A word, too, for Sid Haig. His presence in a Jack Hill movie is always something to behold. Here, he plays Omar; a henchman who is always prepared to go above and beyond the call of duty while exhibiting a sadistic glee as he goes about his work.
There are actions scenes a plenty here, one on one combat sequences and some eminently quotable dialogue, with Roy Ayres score tearing it up in the background. There's also a certain charm to this picture and other Blaxploitation gems, as referred to by Jack Hill in his interview (more on that later).
The likes of 'Coffy', Foxy Brown' and 'Shaft' amongst others belong to a golden age of cinema revered by old school fans, from a generation where exploitation filmmaking was (almost) a respectable profession.

Arrow Video's Blu-ray presentation is a solid transfer with daylight scenes looking particularly strong.
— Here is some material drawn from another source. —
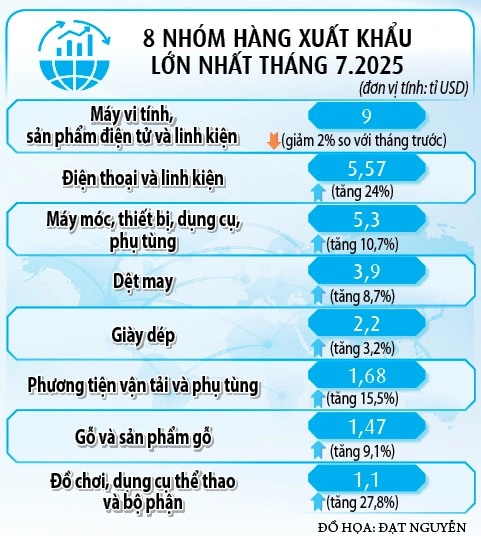 Độ mở cao hàng đầu thế giới, kinh tế Việt Nam thế nào? - Ảnh 4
Interior scenes do vary but it's a good organic reproduction overall and impressive, considering it's a dated master.
Fans of this film will be delighted by the inclusion of a Jack Hill commentary track
Here, the director explains how Larry Gordon pitched the idea for 'Coffy' as revenge for losing the 'Cleopatra Jones' gig, and declares the titular character was written specifically for Pam Grier. Jack goes on to talk about racism inside and outside the industry; the fight to get his film an 'R' rating; why working a low budget tight production schedule can be a benefit and how a scene from 'Richard III' inspired the memorable finale in 'Coffy'. Jack is very generous in his praise for the actors, explaining how they helped him capture certain lifestyles to add to the knowledge he'd gained during his time as a musician working the clubs, and remains justifiably proud of his film which certainly delivers straight down the line.
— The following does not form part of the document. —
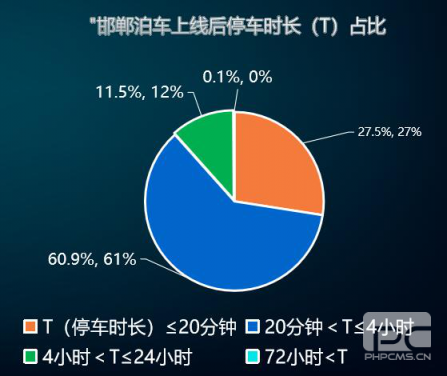 “邯鄲泊車”上線一年，給邯鄲帶來(lái)什么變化？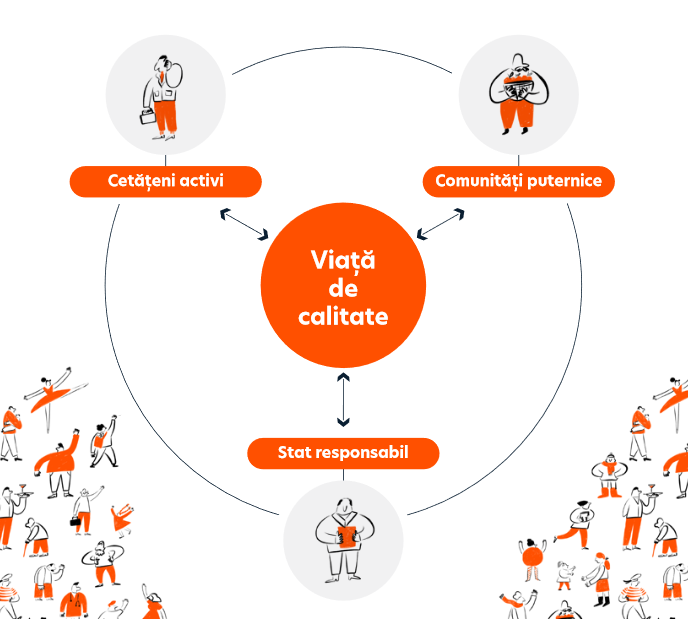 ''PLUS ACUM'' - un program  prin care sălăjenii sunt aşteptaţi cu idei şi proiecte pentru o nouă guvernare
'A Taste Of Coffy' (18m 49s) is a Jack Hill interview. It does contain some overlap with the commentary track, but it's good to actually see him telling some of those stories, which include his battles with AIP; a frightening audience reaction at a screening he attended and the way 'Coffy' connected with both black and white audiences.
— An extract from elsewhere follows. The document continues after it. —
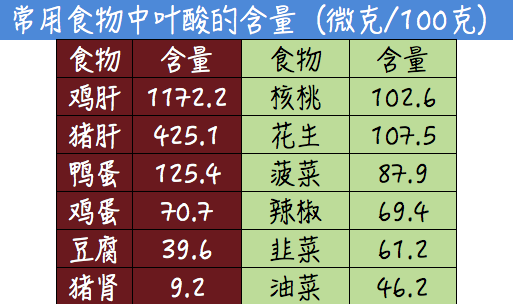 图：早孕三个月需要补充叶酸 图/张华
'Pam Grier: The Baddest Chick In Town' is a 17m 38s interview with the great lady, where she reveals that certain aspcts of Coffy reminded her of her mother.
She remains proud of portraying a woman helping the community (in more ways than one), and has some nice memories of the film and also of a particularly painful onset accident.

'Blaxploitation' is a 28m 56s video essay from author Mikel J Koven that charts the history and development of the genre. Mikel explores the five early stereotypes of black characters; talks about social change, the Black Panther Party and political assassinations. There are clips from the revolutionary 'Sweet Sweetback's Badass Song', together with footage from 'Coffy'and 'Foxy Brown', and the role of music in these films is also discussed, with praise for artists who include Bobby Womack and Curtis Mayfield.
The decline of the genre, with safe films shifting the movement from 'R' to 'PG' is also examined. It's an excellent essay, and takes us nicely into a theatrical trailer and image gallery.
Arrow also includes a booklet featuring writing from Cullen Gallagher and Yvonne D. Sims.
Cullen's essay - 'Coffy' - takes a look at American International Pictures; changing conciousness in America; the dangerous women of film noir, and studies Grier's character, making some excellent observations.
Yvonne's essay - 'Pam Grier' - takes us through Pam's early years; her career in film and her television work, giving us many titles for further appreciation of this legend.
Arrow's Blu-ray is locked to Region B, mand availabel to buy now.